This small amount of good, he adds, (verse 26,) God would allow those who were pleasing to him to enjoy, the amount to be obtained from "wisdom, and knowledge, and joy," that is, hilarity, self-indulgence, the good referred to in the preceding verses. Upon those not acceptable to him, on the other hand, he had devolved the anxiety and care of amassing wealth to be left in the hands of others whom he regards with favor. Such an arrangement of providence, he adds, is void of any important results, and is a source of grievous vexation to all who understand it.

"For God giveth to a man that is good in his sight wisdom, and knowledge, and joy; but to the sinner he giveth travail, to gather and to heap up, that he may give to him that is good before God. This also, is vanity and vexation of spirit.”

There is no sentiment to which the Preacher has yet given utterance, that is really more impious, and indicates a state of depravity more deep than that contained in the passage under consideration, when its true meaning is developed.
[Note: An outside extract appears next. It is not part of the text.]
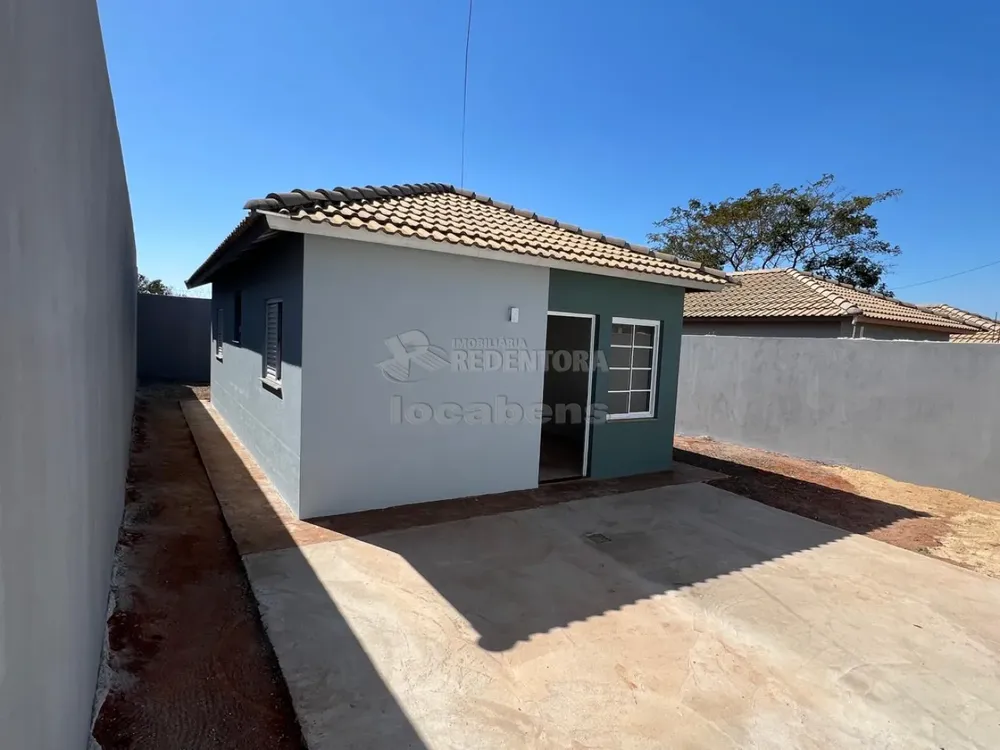 Casa, 2 quartos, 45 m² - Foto 2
He had said before, that in "much wisdom is much grief; and he that "increaseth knowledge, increaseth sorrow." He had represented all the joy resulting from self-indulgence, the only good,as he affirms,left to man, as vain, transitory, and finally resulting in "vexation of spirit." He then says, in the passage before us, that the amount of good to be derived from such

meagre sources, God will indeed give to him "that is good in his sight." He had also represented the labor of amassing wealth, &c., as in itself grievous, and ending in unhappiness. Thus to amass, and at last to leave what is gained to those who are "good before God," this is the travail imposed upon the sinner. Such was the arrangement of Providence in respect to the righteous and the wicked, an arrangement which he then pronounces to be "vanity and vexation of spirit." When the mind has come to entertain such sentiments in respect to God, it has well nigh fallen beyond the possibility of recovery.


The first eight verses of chapter 3, are occupied with aphorisms of a singular character, aphorisms to which the mass of the readers of the Bible attach no definite meaning or design. For example,


To every thing there is a season, and a time for every purpose under the heaven:

"A time to be born, and a time to die: a time to plant, and a time to pluck up that which is planted:

"A time to kill,and a time to heal: a time to break down, and a time to build up:

"A time to love, and a time to hate: a time of war, and a time of peace."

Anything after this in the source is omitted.